Here's a quick overview of the use-case:
The requirement I have is in analytics. Search results need to be exact and we're basically 'counting' things precisely, not approximating. The no. of facets is not large but their combinations are large in number(hence the strong case for Solr).
The number of distinct data containers(collections) is small but their sizes are large and denormalizing or keeping data in single servers are not feasible options.
Therefore joins are becoming inevitable as data grows and starts to need many servers to store it due to size constraints and computing efficiency.

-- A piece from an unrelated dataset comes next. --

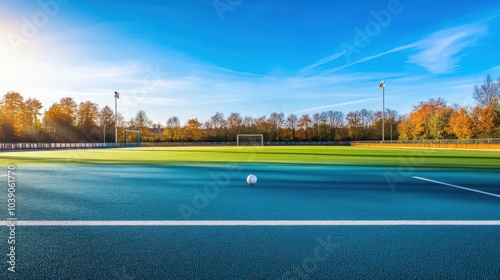 A tranquil outdoor field hockey pitch with a well-maintained surface and neatly arranged goals, surrounded by open fields and a bright sky, early morning light adding a serene touch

Right now, the only option I have is to use a glue language to collect the 'from' terms from the many 'shards' across servers, send queries with these terms to the 'to' collection shards on several servers again, apply rules to aggregate them centrally, manage timeouts and other artificial issues created by this data division and sent the aggregated data for visualisations or other processing.

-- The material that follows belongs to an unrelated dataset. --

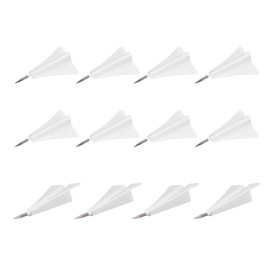 PATIKIL Airplane Push Pin, 12 Pcs Decorative Metal Push Pin Cute Aircraft Thumb Tacks for Bulletin Board Map Photo Home Office Decor, White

As you can see, the charm and pull of Lucene's speed is getting dampened by the unnecessary data complexity and dependence on programming in a glue language , recording the number and types of shards on each server and making queries to the right targets. Redundancy/failover is another pain to handle besides managing increasing servers.
Everything I have written is already possible and avaliable in Solr except that it's not on a distributed manner ?
Solr is a beautiful tool that can easily do everything I need if my data were not needed to be distributed across machine as in my case !
If I denormalize this kind of data, I might end up making it 3-4x it's size, which obviously I dont want to do.
If Solr managed to take away this pain, it would be the ideal scalable solution for all search applications and analytic applications which have multiple large, data sets with limits to denormalization.
In my case, I know the data very well and have a good grip on the combinations of facets needed to configure a distributed system if it just allowed joins with true sharding.
I really think that adding this will bring in lots of distributed computing use-cases into the ambit of Solr. There's no telling the amount of efforts it will save for people like me, and not have everybody devising the own distributed computing management scheme when a common one could solve it for all.
Let me know if this sounds like a reasonable use-case. Besides my own use-case, I'm sure there would be a lot of people who probably dont use solr due to this missing feature.
PS : Sorry for getting carried away and the long mail ;-(